* [Task directions]: Locate every line in the records below that contains the word "Ford", and copy each one.

* [The data]:
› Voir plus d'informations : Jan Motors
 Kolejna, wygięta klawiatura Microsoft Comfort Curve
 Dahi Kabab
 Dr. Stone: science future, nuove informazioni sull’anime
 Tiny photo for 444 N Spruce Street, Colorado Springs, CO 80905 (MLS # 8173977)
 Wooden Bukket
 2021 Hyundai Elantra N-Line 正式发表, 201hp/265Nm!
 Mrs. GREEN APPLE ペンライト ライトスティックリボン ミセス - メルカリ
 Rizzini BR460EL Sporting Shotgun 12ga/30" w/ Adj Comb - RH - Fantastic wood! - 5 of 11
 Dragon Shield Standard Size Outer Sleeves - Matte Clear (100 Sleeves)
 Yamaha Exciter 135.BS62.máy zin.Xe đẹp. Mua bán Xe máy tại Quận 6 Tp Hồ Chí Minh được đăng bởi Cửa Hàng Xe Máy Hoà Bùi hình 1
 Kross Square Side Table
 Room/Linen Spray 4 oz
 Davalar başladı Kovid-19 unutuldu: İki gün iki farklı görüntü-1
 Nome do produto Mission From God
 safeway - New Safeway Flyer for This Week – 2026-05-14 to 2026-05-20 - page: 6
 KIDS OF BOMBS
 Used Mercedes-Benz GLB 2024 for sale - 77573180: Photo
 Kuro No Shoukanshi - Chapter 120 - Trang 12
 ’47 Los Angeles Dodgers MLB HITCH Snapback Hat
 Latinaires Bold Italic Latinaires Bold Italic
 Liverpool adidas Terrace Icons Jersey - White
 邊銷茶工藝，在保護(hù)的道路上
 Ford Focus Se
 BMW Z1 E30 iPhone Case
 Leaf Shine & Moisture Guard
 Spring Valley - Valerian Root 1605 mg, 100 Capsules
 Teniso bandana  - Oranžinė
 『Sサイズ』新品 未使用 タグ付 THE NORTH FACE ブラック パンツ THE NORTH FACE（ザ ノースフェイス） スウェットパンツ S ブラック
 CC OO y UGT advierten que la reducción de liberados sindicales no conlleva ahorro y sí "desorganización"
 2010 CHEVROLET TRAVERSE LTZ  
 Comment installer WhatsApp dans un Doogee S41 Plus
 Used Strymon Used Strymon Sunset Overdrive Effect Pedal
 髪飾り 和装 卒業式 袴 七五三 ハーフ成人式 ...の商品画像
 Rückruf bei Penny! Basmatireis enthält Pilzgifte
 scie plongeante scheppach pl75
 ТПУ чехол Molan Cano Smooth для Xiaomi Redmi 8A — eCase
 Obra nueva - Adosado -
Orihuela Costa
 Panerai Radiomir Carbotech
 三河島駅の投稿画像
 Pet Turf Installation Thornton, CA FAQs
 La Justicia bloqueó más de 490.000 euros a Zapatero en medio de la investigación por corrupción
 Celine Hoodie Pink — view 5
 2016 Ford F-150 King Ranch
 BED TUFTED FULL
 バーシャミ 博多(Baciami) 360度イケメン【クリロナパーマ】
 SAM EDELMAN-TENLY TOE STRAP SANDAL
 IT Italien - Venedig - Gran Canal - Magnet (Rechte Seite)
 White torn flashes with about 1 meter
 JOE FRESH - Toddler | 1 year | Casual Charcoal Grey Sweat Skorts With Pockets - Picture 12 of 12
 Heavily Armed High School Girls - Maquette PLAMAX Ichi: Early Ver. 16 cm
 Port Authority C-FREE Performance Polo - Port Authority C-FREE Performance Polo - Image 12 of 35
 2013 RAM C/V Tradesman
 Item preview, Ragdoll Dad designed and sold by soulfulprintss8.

* [Output for this task]:
 Ford Focus Se
 2016 Ford F-150 King Ranch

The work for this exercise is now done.